As Jana had spoken he gained the idea that she thought him ignorant and the with what she had said, he turned that into believing that not only did she think he was ignorant, he viewed her as such. He would seek to hold his gaze with Sarah if she looked at him as his hand dropped from her shoulder, his eyes darted towards the door way for a moment, it was no subtle gesture. His gaze shifted to Jana. "A Fortiori. There will be no need for compensation nor will I accept it." As he had done in the bar his thumb tapped against his leg softly, relaying a command to the data-pad. "As long as we aren't provided with reasons to pull stunts, I do believe that me and Sarah would seek to leave."

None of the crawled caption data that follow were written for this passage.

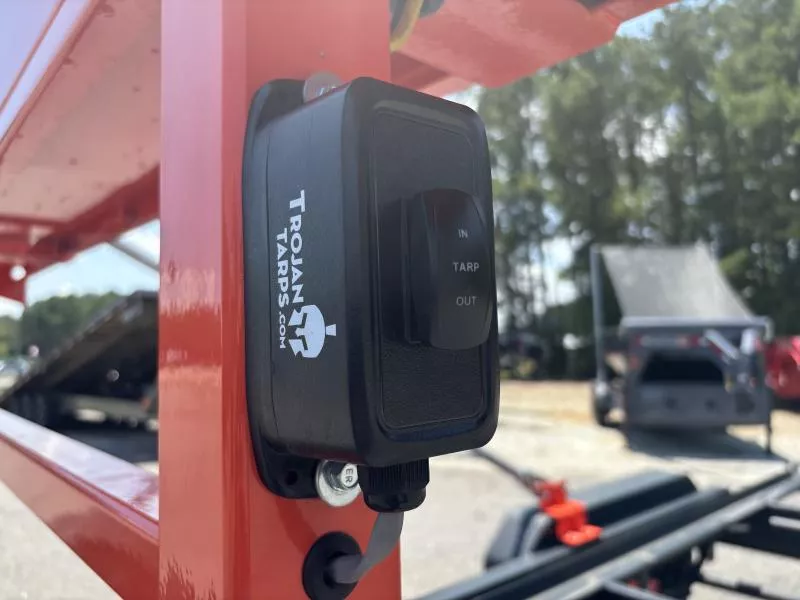 new Dump Trailers RawMaxx  for sale, in Athens, GA Thumbnail 12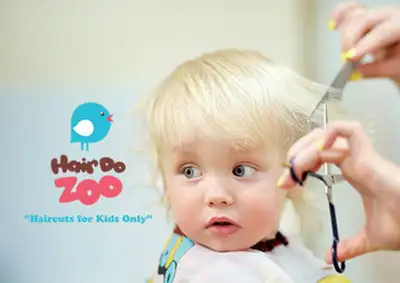 Hairstylist, View more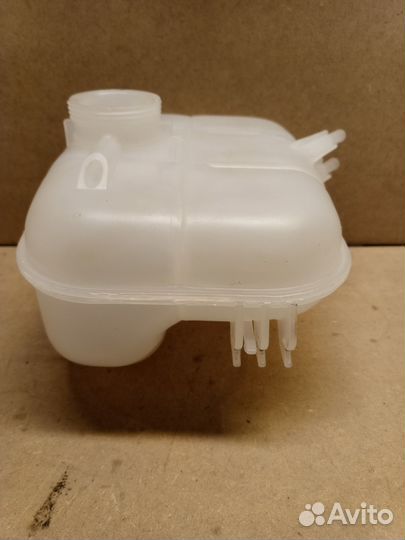 Бачок расширительный без датчика BSG65550003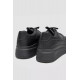 Кросівки жіночі, колір чорний, 243R188-232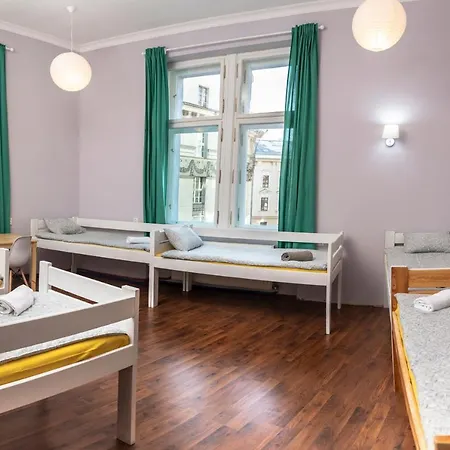 Krakowskie Klimaty Albergue *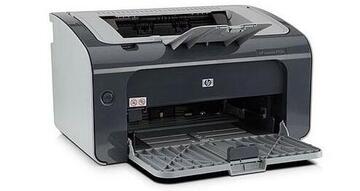 惠普LaserJet Pro P1106打印机驱动 for Mac 惠普LaserJet Pro P1106打印机驱动 for Mac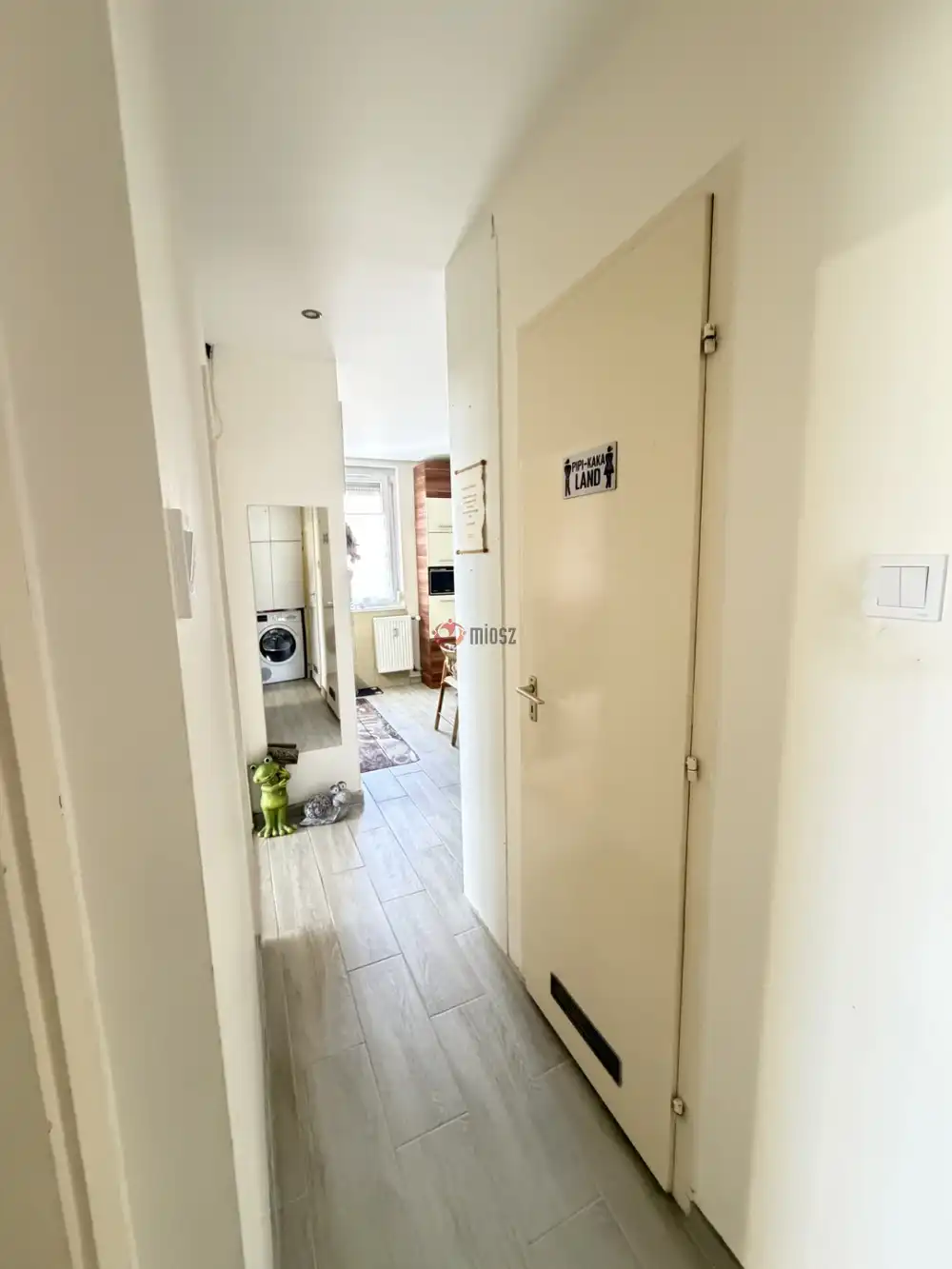 Budapest, XXI. kerület - Völgy utcai ltp.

He leaned across to Sparks to whisper in her ear, his tone hushed so that the other two wouldn't pick out the words. "This kind of makes my gift redundant, its yours to do with as you wish and sorry." He had no doubt as to what would have been done with his gift, the group was precious to her, it was also because where she would go now it would serve little purpose. He would seek to move to the door way, if it was to open he would stand within the frame looking down the hall way. He would seek to observe how well equipped the guards would be.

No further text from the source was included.